Driving a car signifies opportunity, independence and adventure. Americans especially use cars to get to work, run errands, visit friends and family, and see the country. But with the freedom and freeways comes stop-and-go traffic, costly accidents, and carbon emissions that, collectively, we’ll be paying for well into the future.
While the auto industry is improving efficiency of engines, with larger vehicles and more safety features, the average car still produces six tons of carbon dioxide each year. For perspective, heating an average house emits four tons of carbon dioxide per year, each hot tub produces around 3,000 pounds per year, and each plasma TV accounts for 1,500 pounds per year.
Just like carefully programming a thermostat or turning off the TV to reduce wasted energy, drivers can fine-tune their driving habits to reduce their carbon emissions. Each gallon of gas burned emits around 20 pounds of carbon dioxide), so let’s bring down the gallons burned.

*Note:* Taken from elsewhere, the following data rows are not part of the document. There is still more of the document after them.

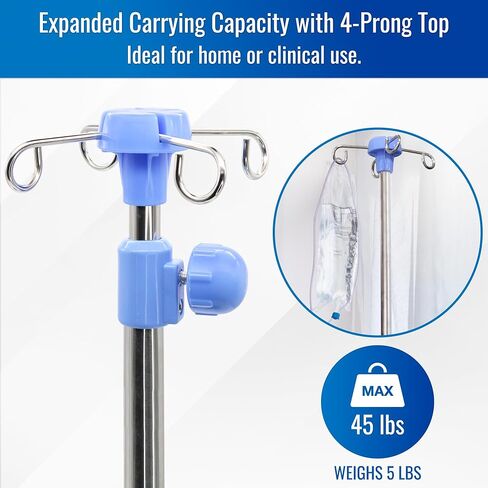 HealthSmart Rolling IV Pole Stand –Heavy Duty Stainless Steel, Adjustable 43.3″–78.7″ Height, 4-Prong IV Bag Holder, 5 Caster Wheels, Easy Assembly, 45 lb Capacity, Medical & Home Care in Kuwait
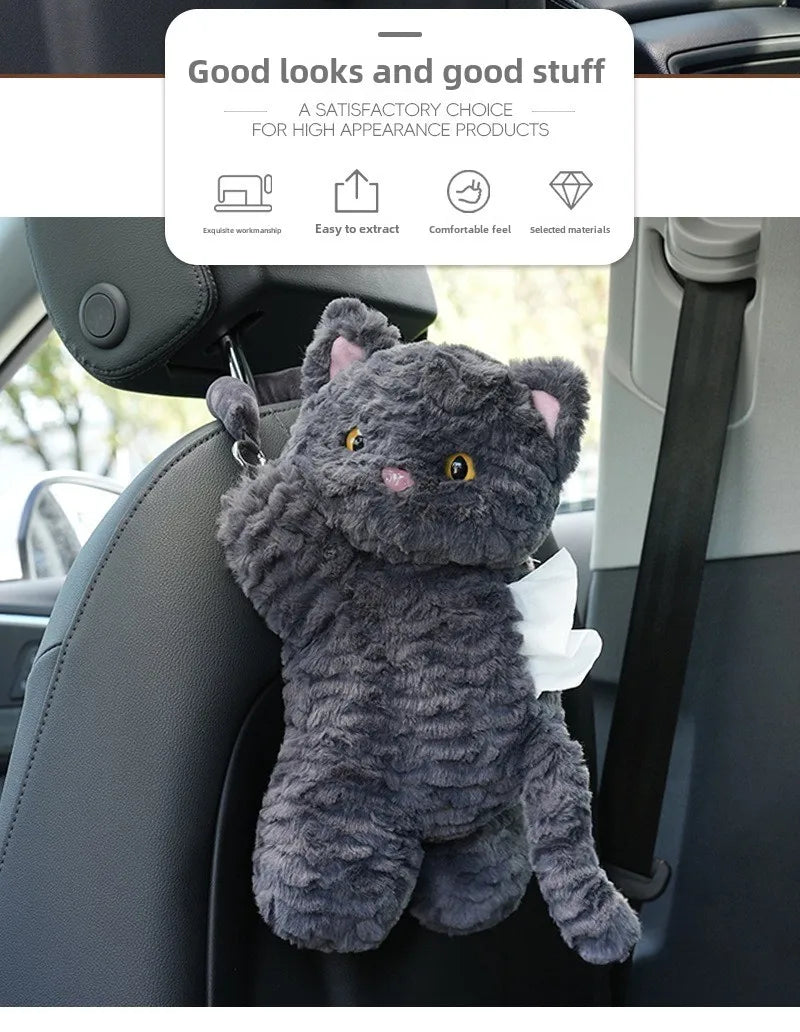 1PC Car tissue box Cartoon cat plush hanging cardboard box Cute car seat back tissue bag car accessories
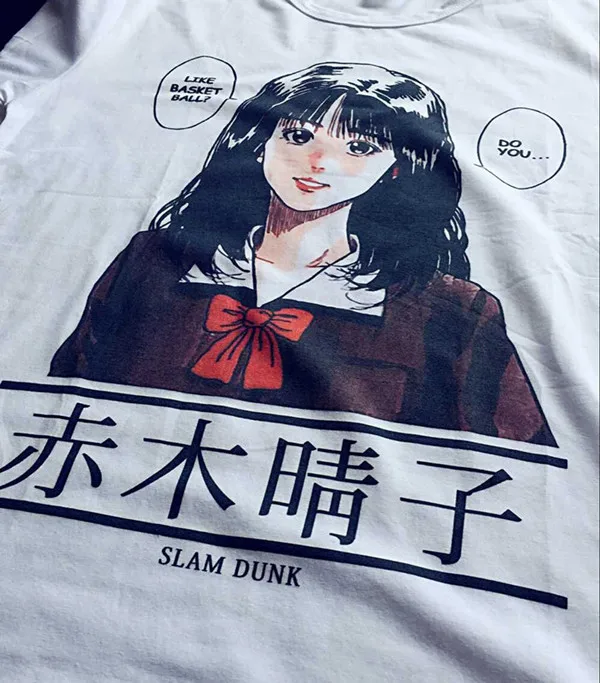 

2016 Japanese Style Cartoon Girl Printed Loose Casual Short Sleeve O-neck Tee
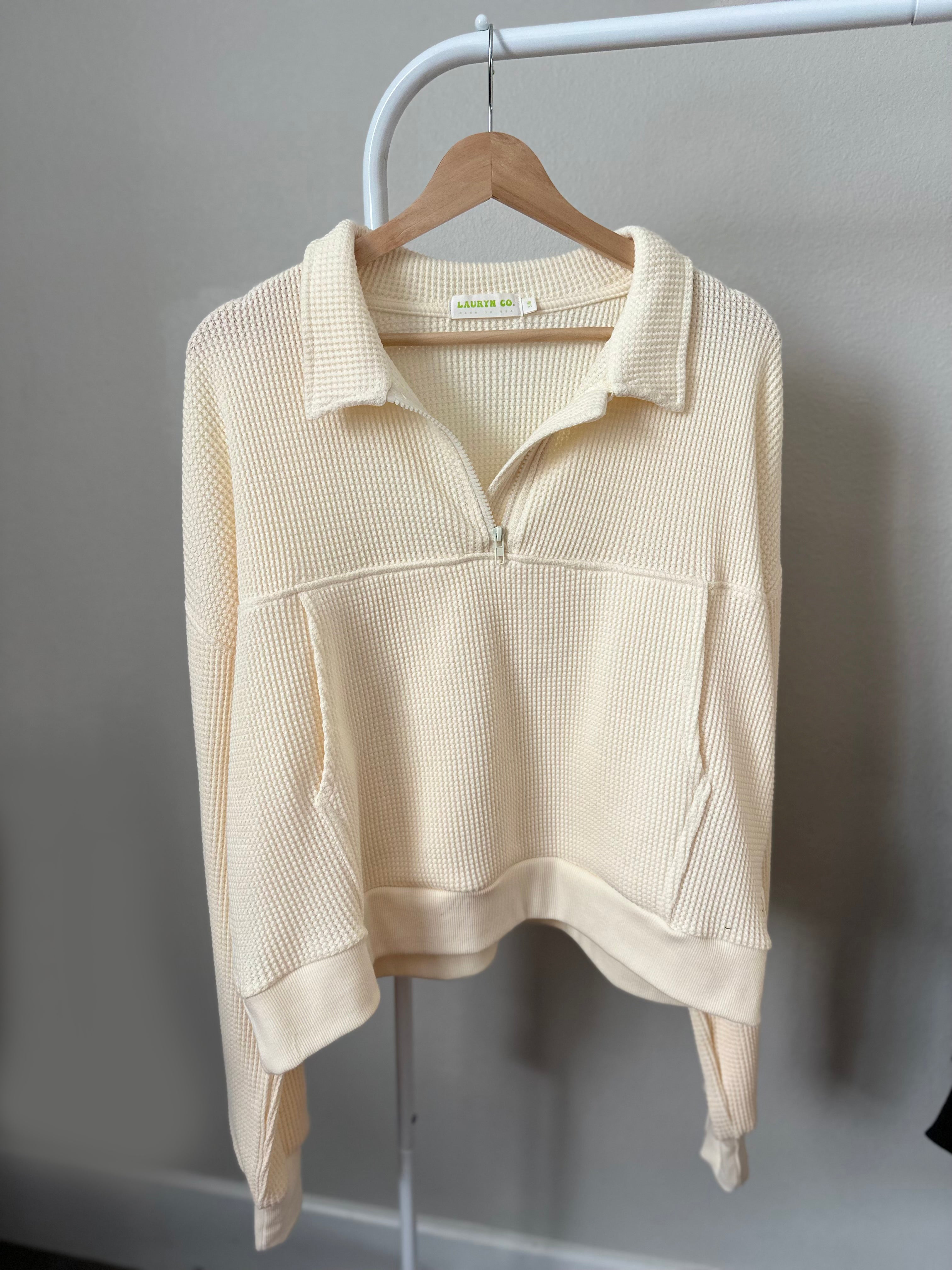 MAMA HALF ZIP SWEATER + PANTS SET (BUTTERCREAM)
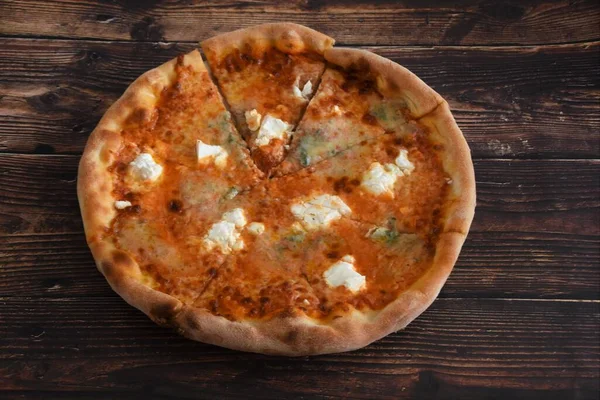 Baked Pizza Cheese Wooden Table — Stock Photo, Image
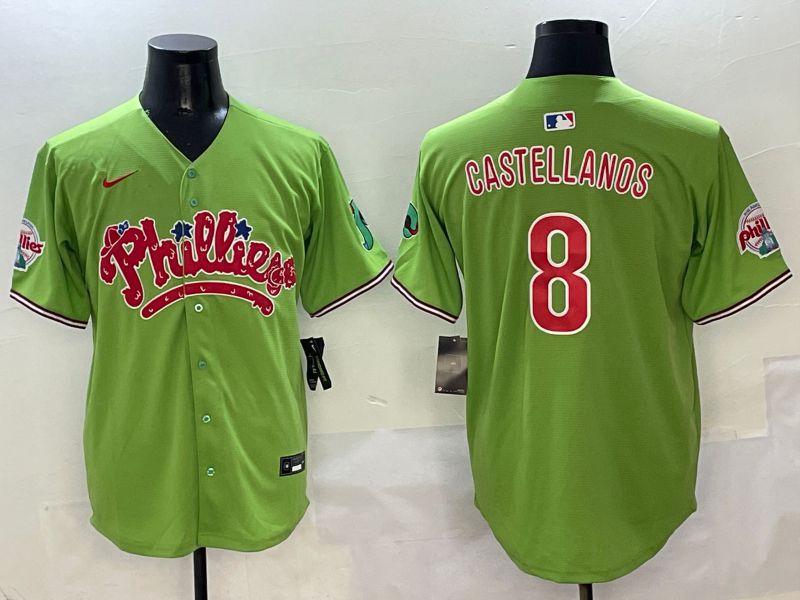Men Philadelphia Phillies #8 Castellanos Green Five generations Nike 2025 MLB Jersey style 1
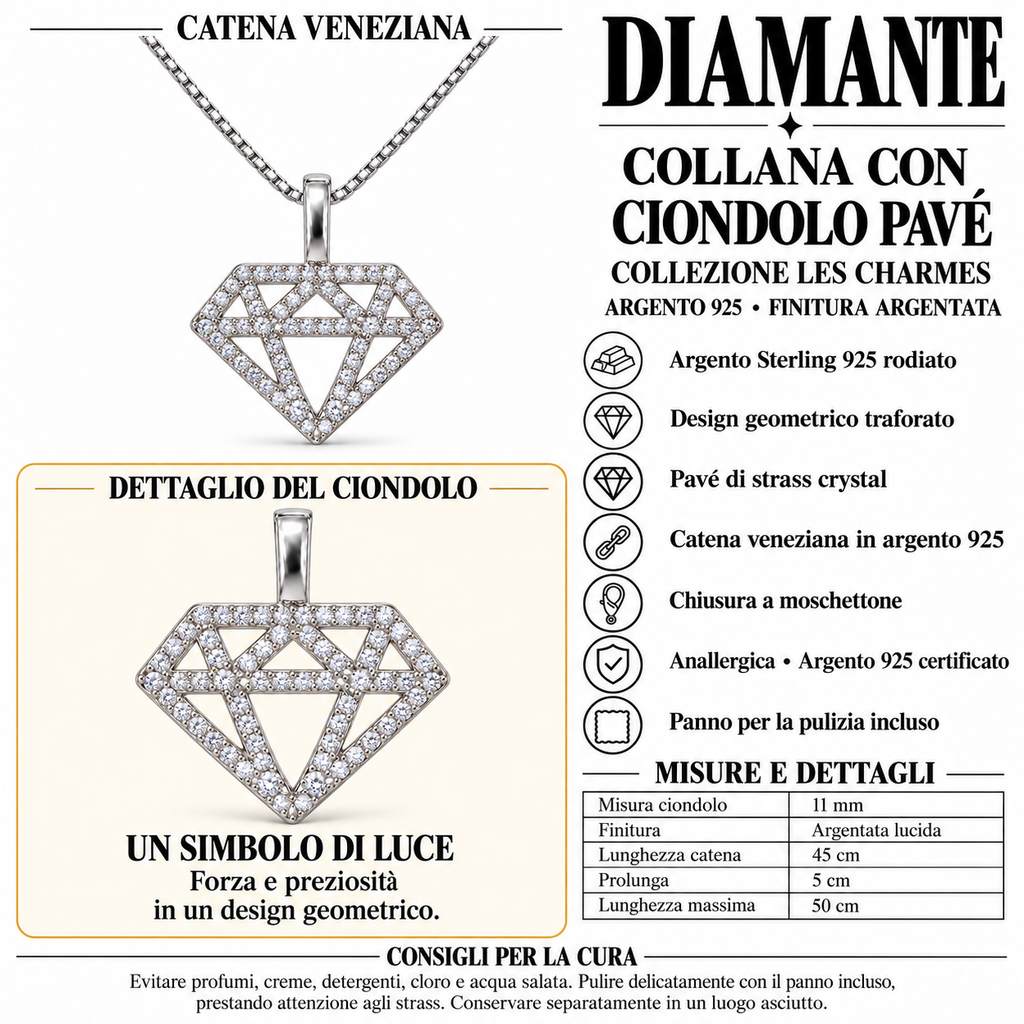 Collana con Ciondolo Diamante strass in Argento 925
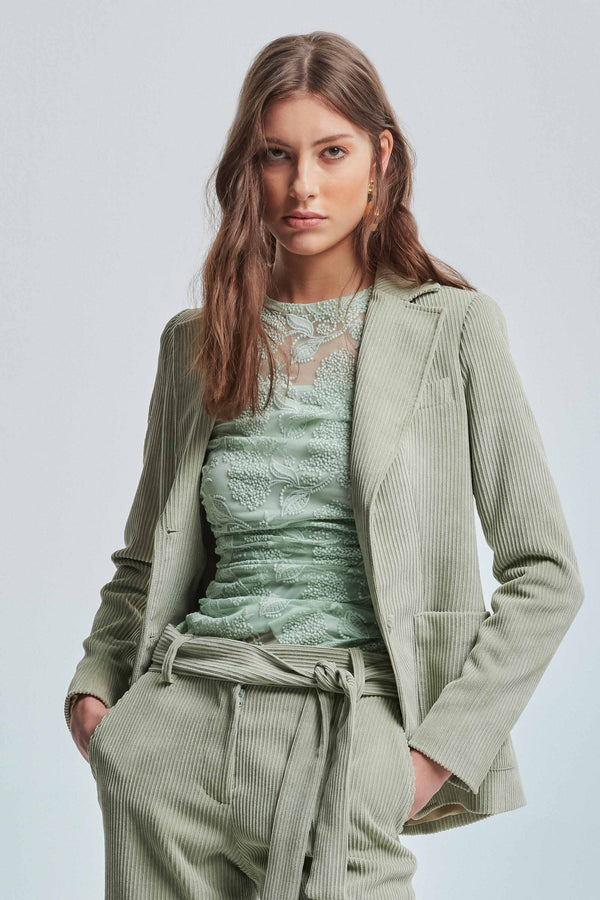 Ribbed jacket with covered buttons - Jacket DELVINA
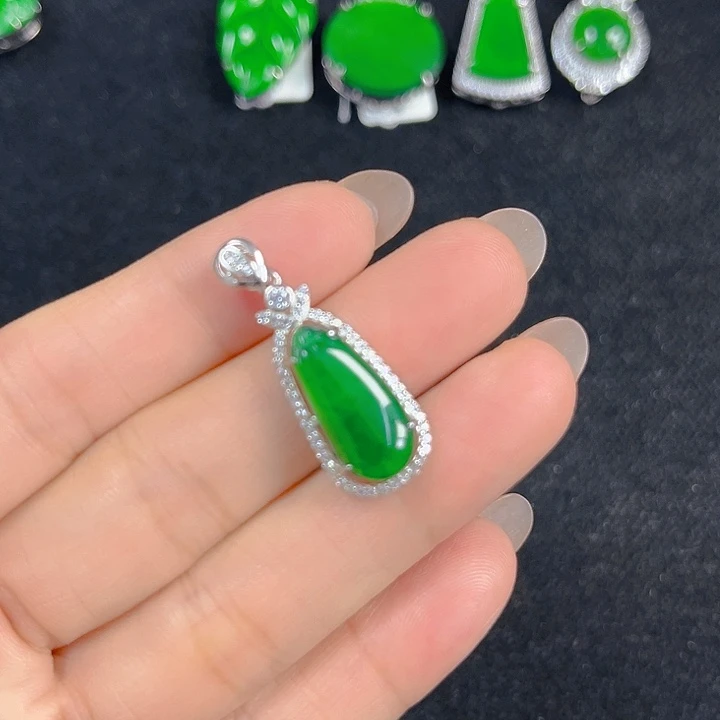 翡翠银S925镶嵌吊坠(不含链)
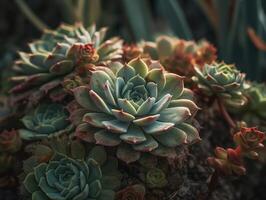 miniatuur huis bloemen vetplanten en cactus in de tuin gemaakt met generatief ai technologie foto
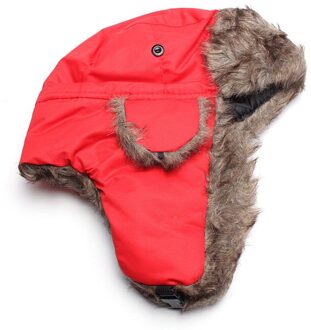 1pcs Brand Unisex Trapper Bomber Warm Russische Trooper OORKLEPPEN Winter Ski Hoed Mannen Vrouwen Cap Bont bomber Hoeden rood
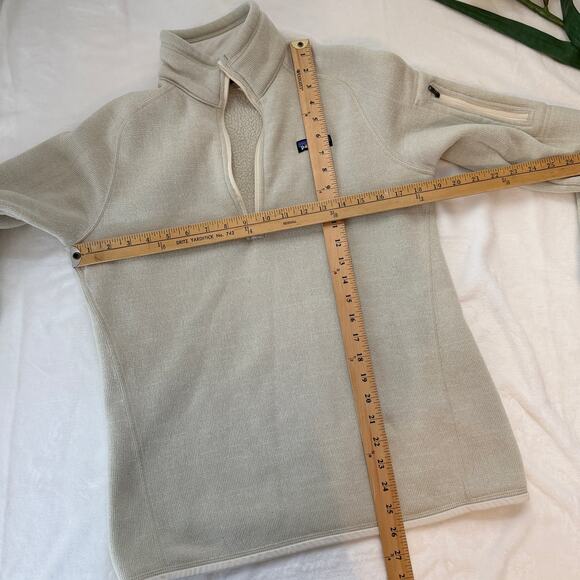 Patagonia Women’s Better Sweater 1/4 Zip Fleece Pullover Off‑White Size M Warm - Picture 12 of 13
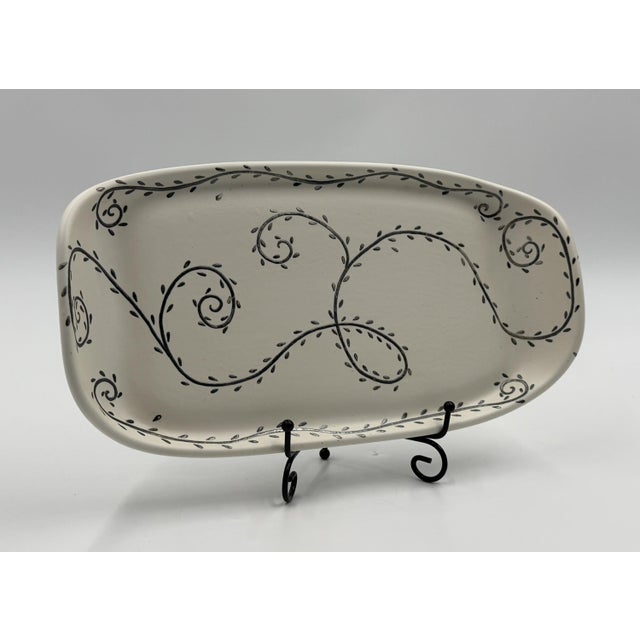 Emilia Castillo 1980s Emilia Castillo Porcelain & Pure Silver Serving Platter, Mexican Modernism For Sale - Image 4 of 18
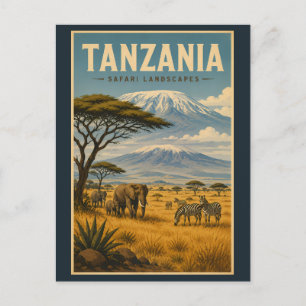 Tanzania Safari Zebra Illustration Resa Konst Vykort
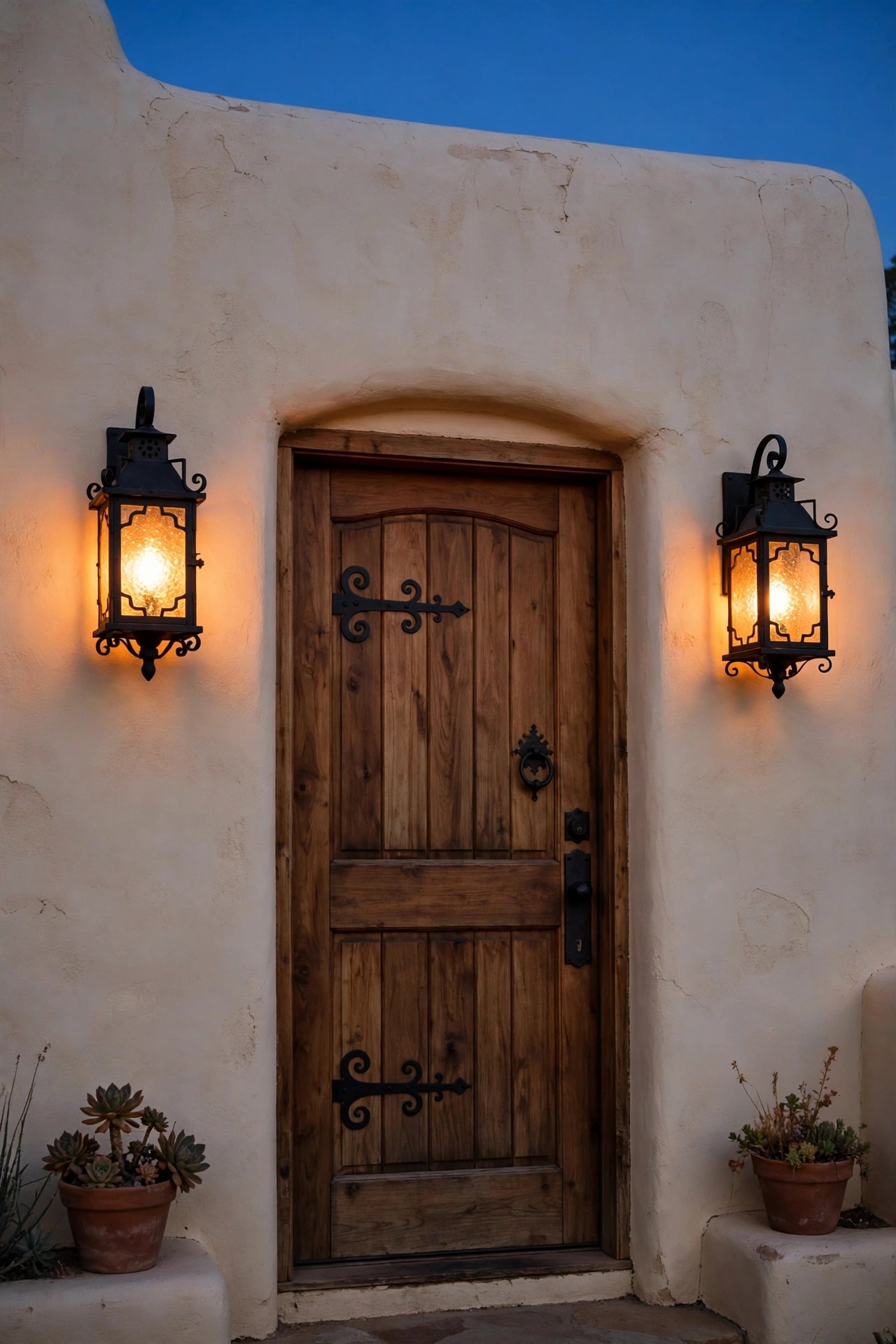 Pair of black mission-style iron lanterns with seeded glass glowing warm on either side of a wooden front door set into a cream adobe wall at dusk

Maximize the efficiency of your transportation method
Many of the best ways to improve fuel efficiency – and reduce carbon emissions – can be implemented before you even turn the key. The best way to use less fuel is by simply driving less. Consider your destination and the many ways of getting there. Is it walkable or bikeable? Is mass transit or carpool an option? According to the Minnesota Pollution Control Agency, you can reduce your fuel consumption by up to 50% by commuting via transit or carpool options three days a week. Telecommuting, when possible, is the cleanest option.
Maximize the Efficiency of Your Vehicle (even if Keeping a Guzzler)
Choosing fuel efficient vehicles, especially hybrid and electric vehicles found on GreenerCars.org, is another effective method of reducing fuel consumption. For example, the 2019 Jeep Grand Cherokee Trackhawk 4×4 averages 17 MPG on the highway and 11 in the city while the 2019 Honda Insight gets 49 MPG on the highway and 55 in the city. If you have several vehicles to choose from at home, drive the most fuel efficient on as much as possible. The difference may not be as extreme as a Jeep Grand Cherokee versus a Honda Insight, but the it adds up over time.
If buying a more fuel-efficient vehicle isn’t feasible, maximize your current car’s fuel efficiency by following the manufacturer’s maintenance schedule, using recommended motor oil and keeping the tires properly inflated. Fuel efficiency can also be improved by removing excess weight and drag.
According to a study by the Oak Ridge National Laboratory, every 100 pounds of weight in your vehicle can decrease fuel efficiency by 1%. The lab also found that blunt-faced roof-top carrier can negatively impact fuel efficiency by 17% on the highway, whereas a rear-mounted cargo box causes, at most, a 5% reduction in fuel efficiency.
Maximize the Efficiency of your Driving Style
So, it’s your turn in the carpool group to pick the kids of from soccer practice. It’s too far to walk and you need to take the SUV to fit everyone. The tires are full, the extra weight is removed, and the mechanic has your vehicle running tip top. You’ve also mapped out the most efficient route to get everyone home.
Nothing you can do now, right?
Wrong! How a vehicle is driven can drastically impact how much fuel it uses. The most notable and easiest method to reduce fuel consumption is to avoid idling. According to the U.S. Department of Energy, personal vehicle idling generates around 30 million tons of carbon dioxide in the United States each year – that’s three billion gallons of wasted fuel. The rule of thumb is to turn the engine off (not in traffic, of course) if you are going to be stopped for 10 seconds or more. It is recommended to keep engine starts to under 10 per day to reduce wear on the starter but going over this benchmark occasionally will not do significant damage.
Many cold-climate drivers tend to idle their vehicles for several minutes to warm up the engine and cab. However, modern engines only need 30 seconds to sufficiently warm up, even on the coldest days, and the cab will warm up faster while the vehicle is in motion. As a Minnesota native, I understand the brutality of sitting in a frigid car, but with 250 million personal cars in the United States reducing unnecessary idling can drastically reduce the country’s annual carbon emissions.
Along with unnecessary idling, avoid excessive accelerating and braking to reduce fuel consumption. The Oak Ridge National Laboratory found that aggressive driving (speeding, braking hard and rapid acceleration) can increase fuel use by up to 40% in stop and go traffic and up to 30% on the highway. The lab also found that most vehicles are reach optimal fuel efficiency at around 50 miles per hour, and each additional 5 mph increases fuel usage equivalent to paying an extra $0.19 per gallon. Following the speed limit and traffic laws not only increases fuel efficiency, it keeps the roadways safer and less congested for yourself and others.
Lastly, vehicles tend to pollute less when they are warmed up, so combining errands into one swoop instead of several trips over time can positively impact fuel efficiency.